Bracy carried the gun “in relation to” a drug conspiracy because he brought the

gun to a drug deal and kept it in his waistband. See United States v. Pavlotskiy,

47 F. App’x 590, 593

(2d Cir. 2002) (holding that the evidence supported conviction

because the gun was in the defendant’s car after “he had just finished one drug

transaction … and was driving to undertake another”). Bracy also possessed the

gun “in furtherance of” the conspiracy: by bringing the gun to a drug deal, a

reasonable juror could conclude that it was “readily accessible to protect drugs,

drug proceeds, or [Bracy] himself.” Snow,

462 F.3d at 62-63

; see United States v.

Fraynid,

692 F. App’x 659, 660

(2d Cir. 2017) (finding the evidence sufficient

because the defendant “possessed [a pistol] when he accepted monetary proceeds

from the [drug] sale”).

5 Bracy maintains that the government failed to offer evidence linking the

shooting to the drug conspiracy.

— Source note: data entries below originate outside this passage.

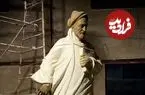 عکس؛ اقدام عجیب شهرداری ارومیه با مجسمه سعدی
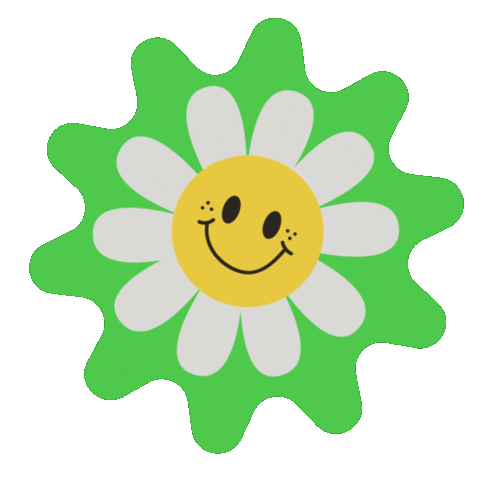 Flower Smile Sticker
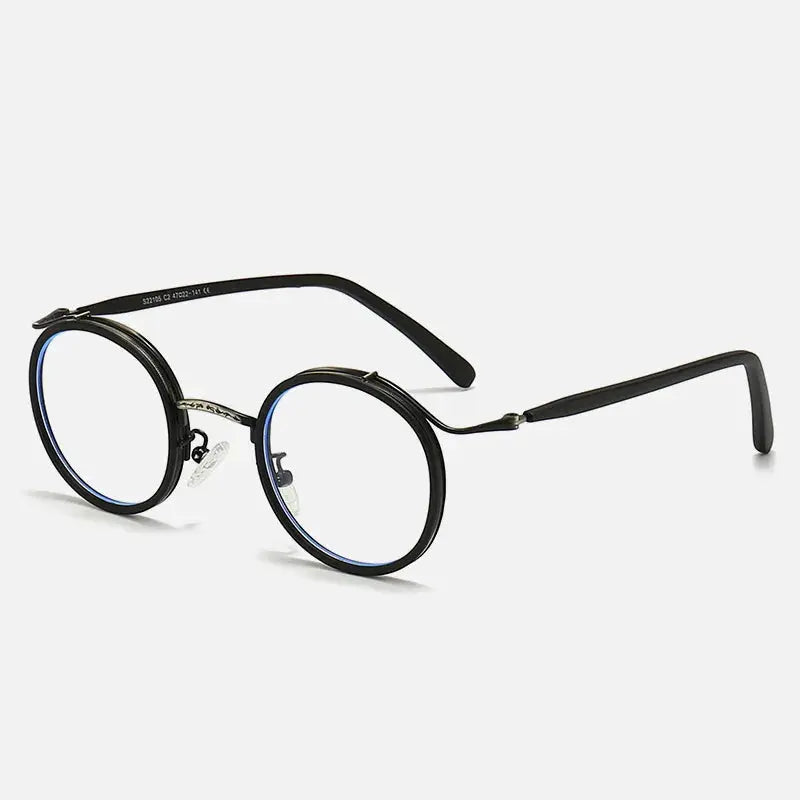 Unisex Round Full Rim Acetate Reading Glasses 22105 — view 6 | Rx Spectacle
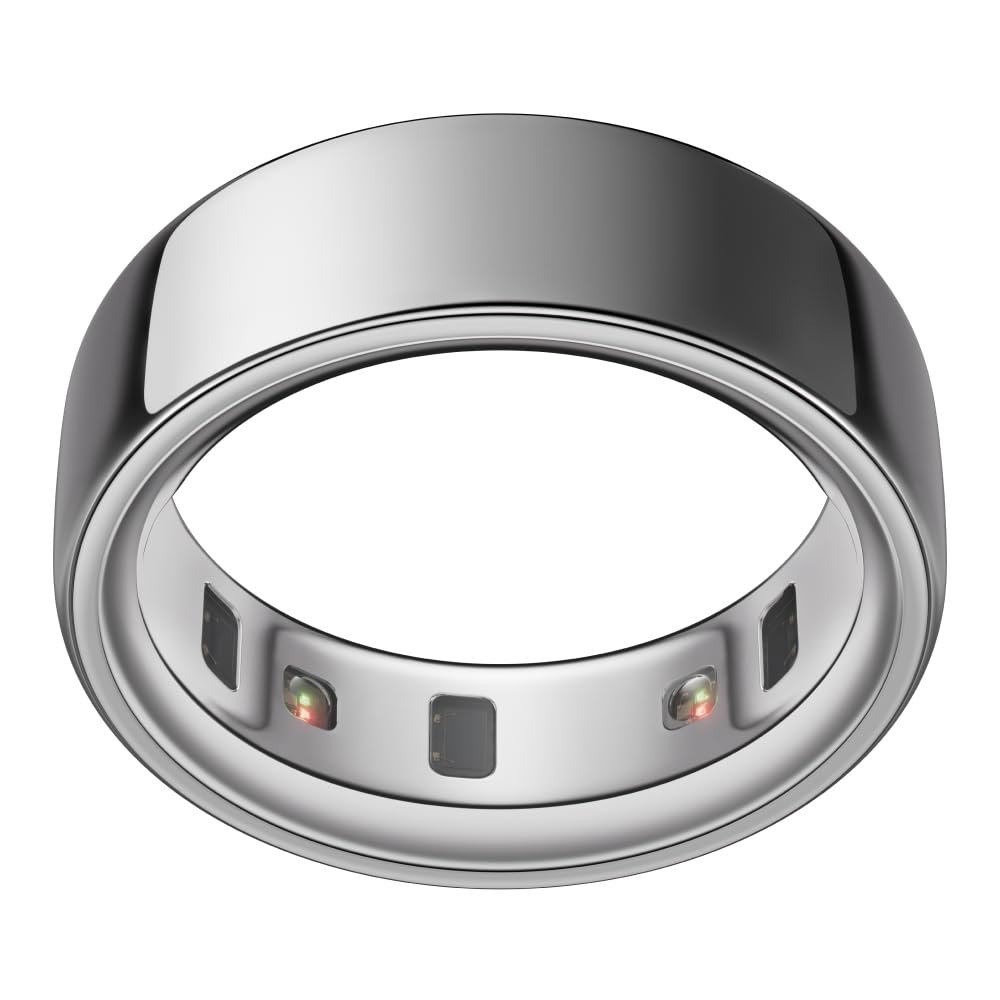 Oura Ring 4 - Silver - Size 11 - Smart Ring - Unique Sizing, Not Standard US Ring Sizes - Size First - Sleep Tracking Wearable -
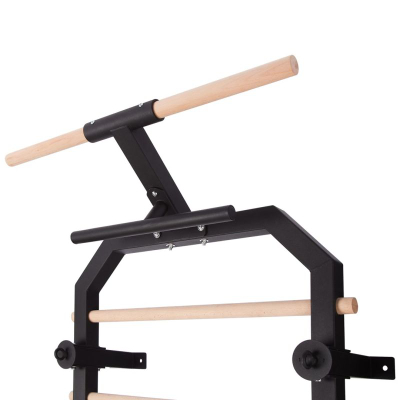 Ribë sportive muri HMS DW2708, hekur dhe dru, 223cm, e zezë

If anything, he argues, shooting his supplier

would end the conspiracy, not further it. But the government did not need to show

that Bracy fired the gun “in relation to” or “in furtherance of” the conspiracy.

Section 924(c)(1)(A) imposes a mandatory five-year sentence on anyone who uses

or carries a firearm during and in relation to, or possesses a firearm in furtherance

of, a drug trafficking crime. The penalty increases if the firearm “is brandished” or

“is discharged.”

18 U.S.C. § 924

(c)(1)(A)(ii), (iii). As the Supreme Court has

explained, these “verbs—‘is brandished’ and ‘is discharged’—appear in separate

subsections and are in a different voice than the verbs in the principal paragraph.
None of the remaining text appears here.